Making a case for research-based art

Angela Grauerholz explores the significance of the artists’ book

“Culture is linked to the book.” This set of words stands alone in a vibrant red font against a vast white wall. The phrase is broad, it can be interpreted in many ways. The words are small and the gallery space at Artexte, in downtown Montreal, appears empty.

The Empty S(h)elf is the first part of a new series by Angela Grauerholz, a Montreal-based graphic artist and designer, and co-founder of Artexte. The works create a dialogue surrounding the purpose of books and research in relation to the artist’s relationship with books and libraries.

The title The Empty S(h)elf refers at once to two notions: the empty library, one of Grauerholz’s fears for the future in an increasingly digital age; and the empty self, the idea of the “inner void.”

Through the accumulation of experiences, texts, readings, writings and the various aspects of the book, Grauerholz explores the process of its construction, in conjunction with the development of oneself that occurs as a product of these gathered experiences and collected knowledge.

Scattered phrases and citations in a red font take up three of the four stark white walls. Another wall is filled with images of books, architecture, maps, graphs and visuals, much resembling a giant inspiration board. Footnotes and references line the bottom half of each wall.

In order to read all the words and see the images, the viewer must make their way around the room, crouch down and stand on their toes. A zine featuring an accompanying essay can also be found at the reception. The necessary interaction creates a relationship between the viewer and the work as they literally walk through the artist’s research process.

The project, which began as a result of an archival file for Grauerholz’s project Reading Room for the Working Artist, investigates primarily the idea of the self from an archival perspective. In an accompanying essay bearing the same name as the exhibition, Grauerholz writes, “The words ‘writing’ or ‘author’ have become synonymous in my mind to ‘creating, making (art), thinking,’ etc.”

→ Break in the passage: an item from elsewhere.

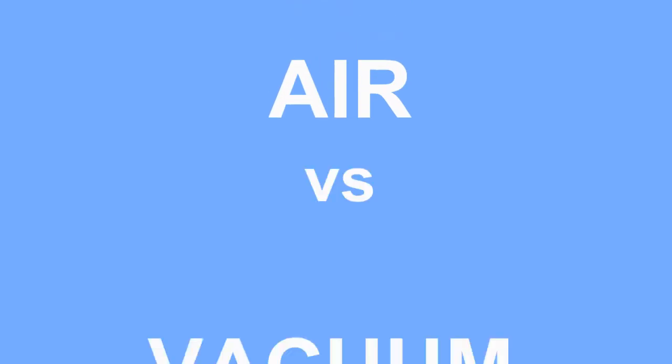Too often, we think of air as empty space, but compared to a vacuum, air is actually pretty heavy. Wait, what?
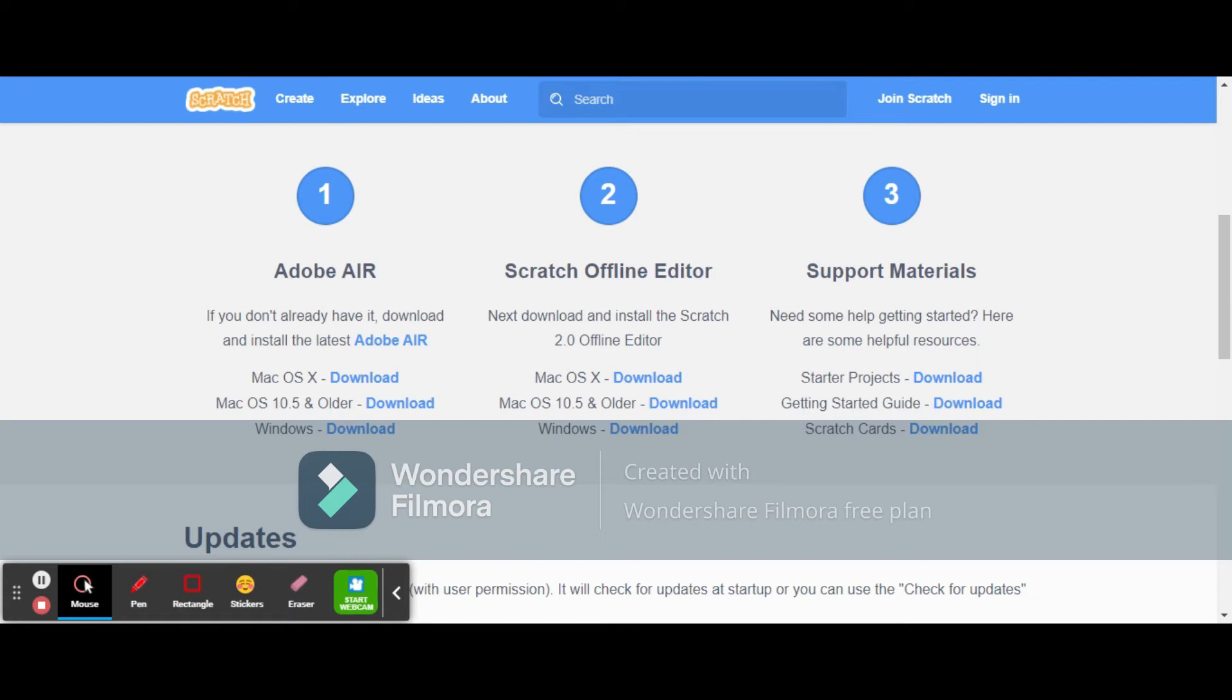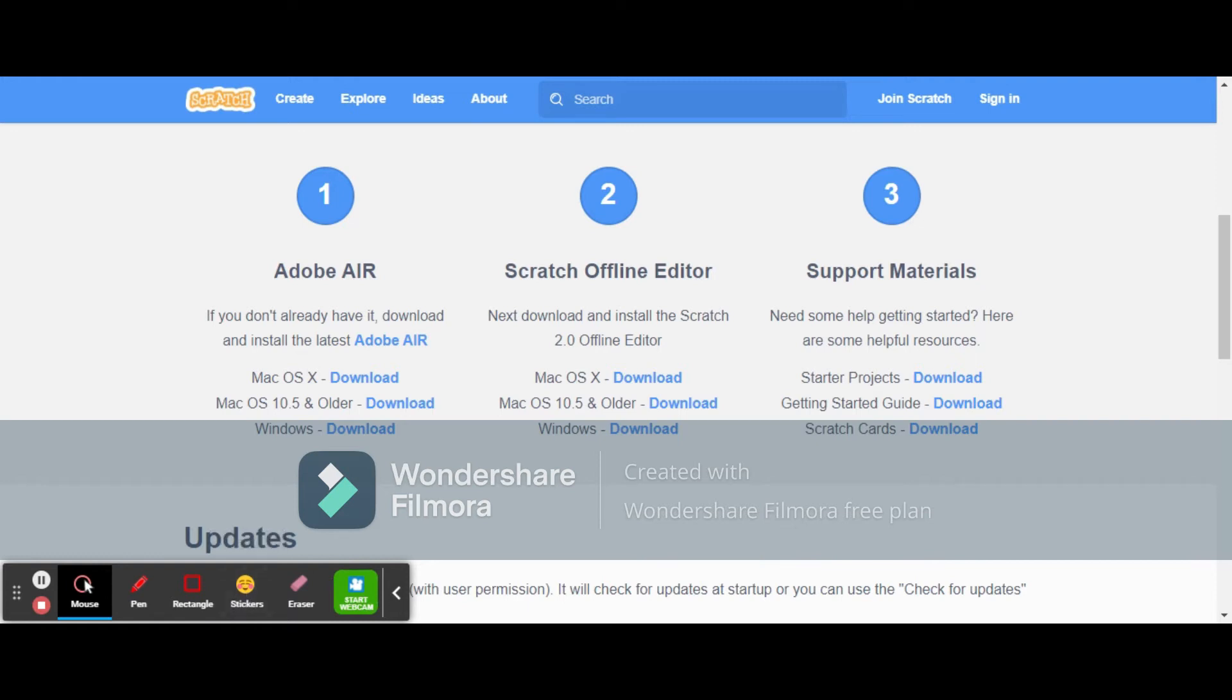50 more seconds left I guess, 58.3 MB. Yeah, it's done. After that, we need to open this.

References attributed to renowned novelists and philosophers Umberto Eco, Jorge Luis Borges, Marshall McLuhan, Michel Foucault and Aristotle are among the gathered writings and documents. Through these, Grauerholz explores the creation of the text and a foundation for visual art.

Much like artist Adam Pendleton’s Black Dada Reader, a collection of texts about African-American culture and aesthetics that inspired his artistic work, The Empty S(h)elf is an archive. It’s a series of collected documents kept to demonstrate a record and information about the book, the library and the individual.

Similar to the artist’s chosen references and phrases displayed throughout the space, the content in the books is up for interpretation. Their significance will differ greatly from one person to the next, impacted by one’s personal and collective experiences and histories.

The Empty S(h)elf is Grauerholz’s assemblage of the items that demonstrate the importance of the text, and the significance of research-based art as a tool to display and communicate her interest in the use of the artist’s book.

The Empty S(h)elf is on display at Artexte, at 2 Ste-Catherine St. E, Suite 301, until Jan. 25, 2020. The gallery is open Wednesday to Friday from 12 to 7 p.m., and Saturday from 12 to 5 p.m.